Nashtifan : les moulins à vent millénaires d'Iran qui tournent encore
Il faut imaginer un bourg posé au bord du désert, dans la province iranienne du Khorassan-e Razavi, à quelques kilomètres de la frontière afghane. Au sud de Nashtifan, sur une crête exposée, se dresse une longue muraille de briques crues percée de hautes chambres ouvertes. À l'intérieur, des rotors de bois tournent autour d'arbres verticaux et entraînent des meules de pierre, comme ils le font depuis des siècles. Ces moulins, que les Persans appellent asbads, comptent parmi les plus anciens moulins à vent du monde encore capables d'accomplir la tâche pour laquelle ils furent bâtis : transformer le blé de la région en farine, avec pour seul moteur un vent d'été d'une constance presque sans équivalent sur la planète.

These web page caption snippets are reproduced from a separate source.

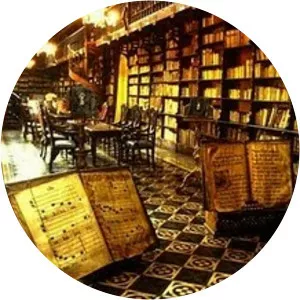 Algar Labouchere Thorold photograph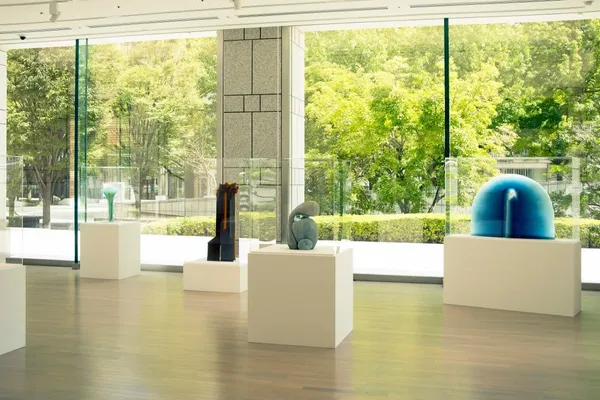 日本橫濱美術館重新開館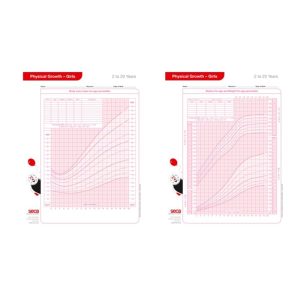 Seca Growth Chart 4060G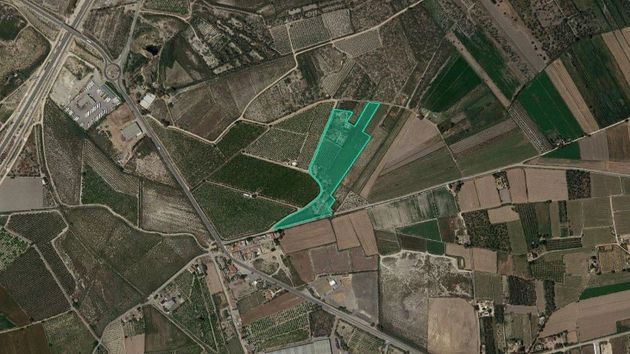 Foto 1 de Venta de terreno en San Isidro (Alicante/Alacant) de 5920 m²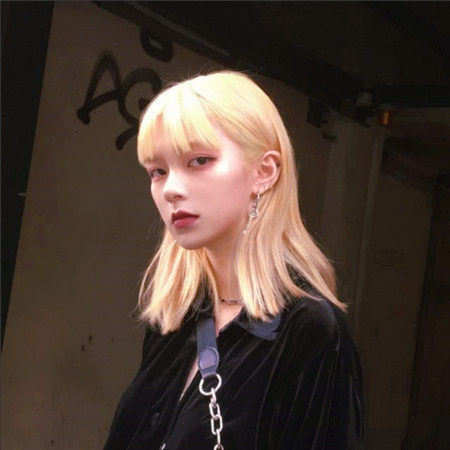 好看的头像图片小清新女生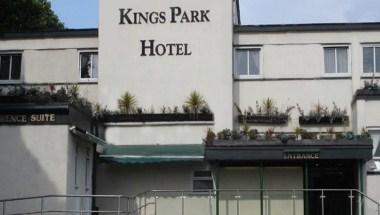 Kings Park Hotel in Glasgow, GB2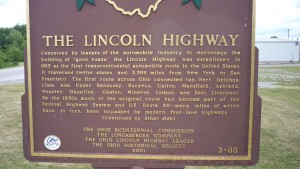 Historical Marker - Front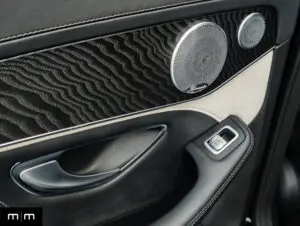 2016 Mercedes-Benz C 63 S AMG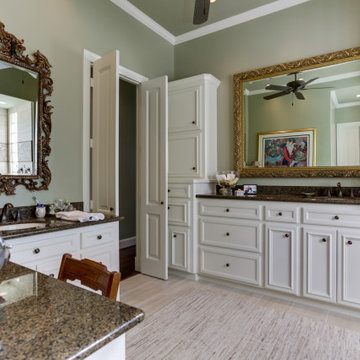 Bathroom Project - U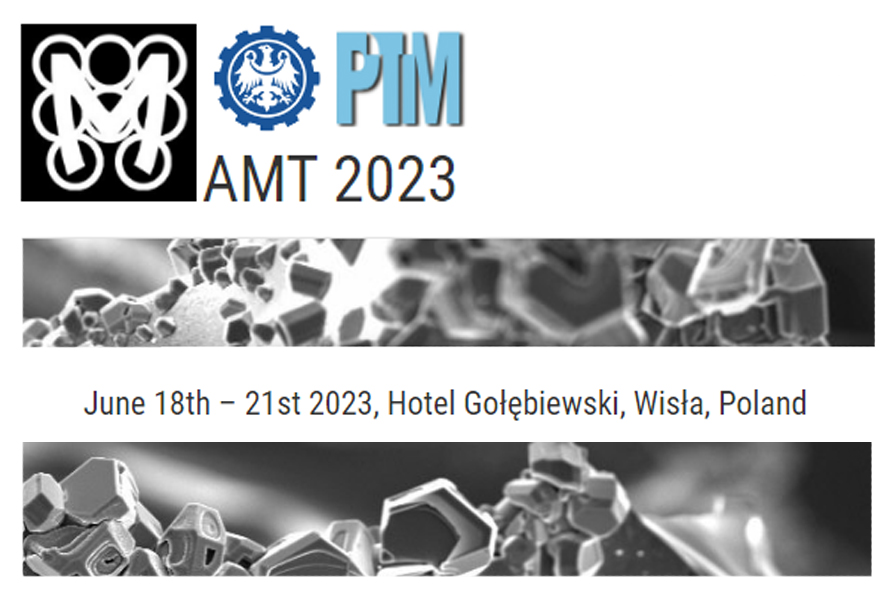 Konferencja Advanced Materials and Technologies Conference 2023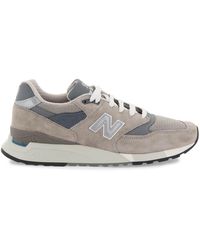 New Balance - 'made In Usa 998 Core' Sneakers - Lyst
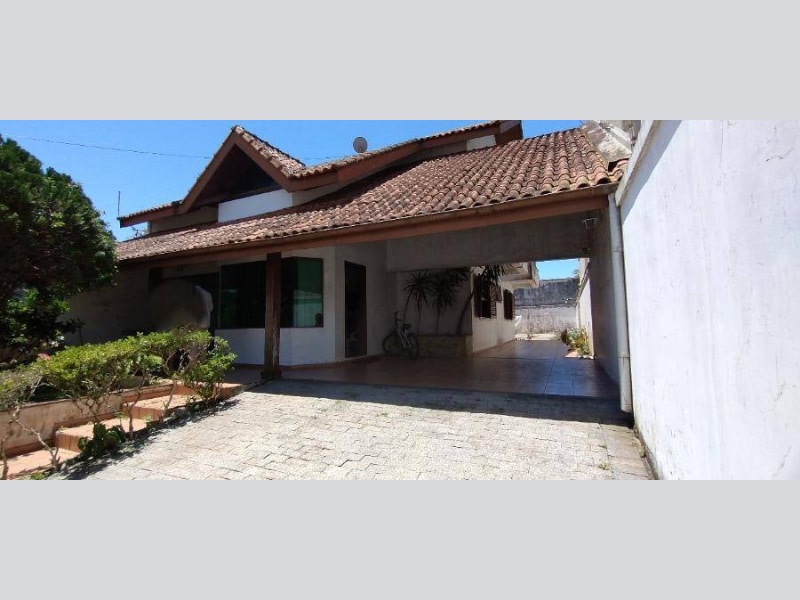 Casa - Peruíbe/SP, localizado em Peruíbe - SP, bairro Balneario Stella Maris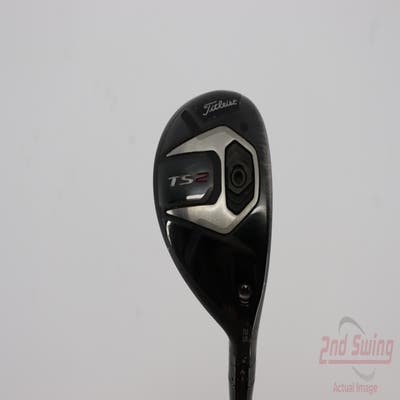 Titleist TS2 Hybrid 5 Hybrid 25° MRC Kuro Kage Black DC 60 Graphite Senior Right Handed 39.5in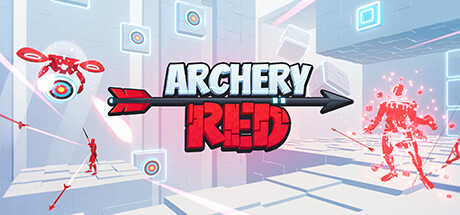 Archery RED banner image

Un bourg façonné par le vent
À Nashtifan, le vent n'est pas un décor, c'est une condition d'existence. La tradition locale explique d'ailleurs le nom de la ville par des mots persans évoquant la piqûre de la tempête. Les maisons se serrent derrière la crête des moulins, qui forme un véritable rempart contre les rafales ; les jardins et les cours s'abritent dans son ombre aérodynamique. Cette disposition n'a rien d'un hasard : la rangée de moulins remplit une double fonction, machine à moudre d'un côté, brise-vent de l'autre. Placés sur le point haut du terrain, là où l'air arrive comprimé et accéléré, les asbads captent la ressource au meilleur endroit possible, tandis que leur masse continue protège tout ce qui vit derrière eux. Peu de sites au monde montrent avec autant d'évidence comment une communauté a converti une contrainte climatique redoutable en avantage, au point d'organiser son espace bâti tout entier autour d'elle.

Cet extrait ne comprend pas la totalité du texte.